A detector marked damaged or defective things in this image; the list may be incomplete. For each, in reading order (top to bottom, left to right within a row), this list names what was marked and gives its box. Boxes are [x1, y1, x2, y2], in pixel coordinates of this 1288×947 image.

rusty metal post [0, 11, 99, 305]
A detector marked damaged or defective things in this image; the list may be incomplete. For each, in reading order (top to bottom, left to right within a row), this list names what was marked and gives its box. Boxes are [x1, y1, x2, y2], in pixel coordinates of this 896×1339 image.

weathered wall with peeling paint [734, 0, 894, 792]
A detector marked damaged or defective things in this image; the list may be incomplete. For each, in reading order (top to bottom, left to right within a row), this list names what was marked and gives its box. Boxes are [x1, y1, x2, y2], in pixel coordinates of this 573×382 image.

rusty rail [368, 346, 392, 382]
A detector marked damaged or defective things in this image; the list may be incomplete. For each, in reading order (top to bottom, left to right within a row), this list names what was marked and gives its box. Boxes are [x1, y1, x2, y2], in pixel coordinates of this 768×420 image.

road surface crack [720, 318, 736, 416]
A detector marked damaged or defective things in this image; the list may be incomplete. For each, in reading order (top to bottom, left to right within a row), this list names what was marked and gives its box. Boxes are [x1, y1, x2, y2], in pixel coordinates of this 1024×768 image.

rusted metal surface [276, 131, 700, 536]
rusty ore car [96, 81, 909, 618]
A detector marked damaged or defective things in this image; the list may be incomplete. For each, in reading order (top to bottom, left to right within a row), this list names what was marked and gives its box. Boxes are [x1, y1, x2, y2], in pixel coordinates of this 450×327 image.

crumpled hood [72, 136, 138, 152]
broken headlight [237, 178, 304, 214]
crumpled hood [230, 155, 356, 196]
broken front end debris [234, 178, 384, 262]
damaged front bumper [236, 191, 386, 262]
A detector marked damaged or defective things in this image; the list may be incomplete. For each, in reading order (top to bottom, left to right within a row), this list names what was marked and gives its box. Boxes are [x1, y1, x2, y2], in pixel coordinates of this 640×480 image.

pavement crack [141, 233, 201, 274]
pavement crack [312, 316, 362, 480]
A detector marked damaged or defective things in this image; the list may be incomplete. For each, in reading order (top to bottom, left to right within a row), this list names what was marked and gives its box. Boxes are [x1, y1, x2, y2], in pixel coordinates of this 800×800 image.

(ASSIGNMENT):
Locate "this 768×420 image." in the data above. Then repeat, exactly, its line and each line after it through the last, adding nothing.

(RESPONSE):
A detector marked damaged or defective things in this image; the list may be incomplete. For each, in reading order (top to bottom, left to right within a row), this list names what was marked and gives its box. Boxes are [x1, y1, x2, y2], in pixel coordinates of this 768×420 image.

road surface crack [720, 318, 736, 416]
A detector marked damaged or defective things in this image; the list may be incomplete. For each, in reading order (top to bottom, left to right within a row), this list names what was marked and gives its box. Boxes are [x1, y1, x2, y2], in pixel coordinates of this 1024×768 image.

rusted metal surface [276, 131, 700, 536]
rusty ore car [96, 81, 909, 618]
A detector marked damaged or defective things in this image; the list may be incomplete. For each, in reading order (top to bottom, left to right within a row), this list names what was marked and gives its box. Boxes are [x1, y1, x2, y2], in pixel coordinates of this 450×327 image.

crumpled hood [72, 136, 138, 152]
broken headlight [237, 178, 304, 214]
crumpled hood [230, 155, 356, 196]
broken front end debris [234, 178, 384, 262]
damaged front bumper [236, 191, 386, 262]
A detector marked damaged or defective things in this image; the list may be incomplete. For each, in reading order (top to bottom, left to right within a row), this list names what was marked and gives its box. Boxes are [x1, y1, x2, y2], in pixel coordinates of this 640×480 image.

pavement crack [141, 233, 201, 274]
pavement crack [312, 316, 362, 480]
A detector marked damaged or defective things in this image; the list may be incomplete. For each, in reading order (top to bottom, left to right within a row), this list names what was marked and gives its box. Boxes are [x1, y1, x2, y2], in pixel coordinates of this 800×800 image.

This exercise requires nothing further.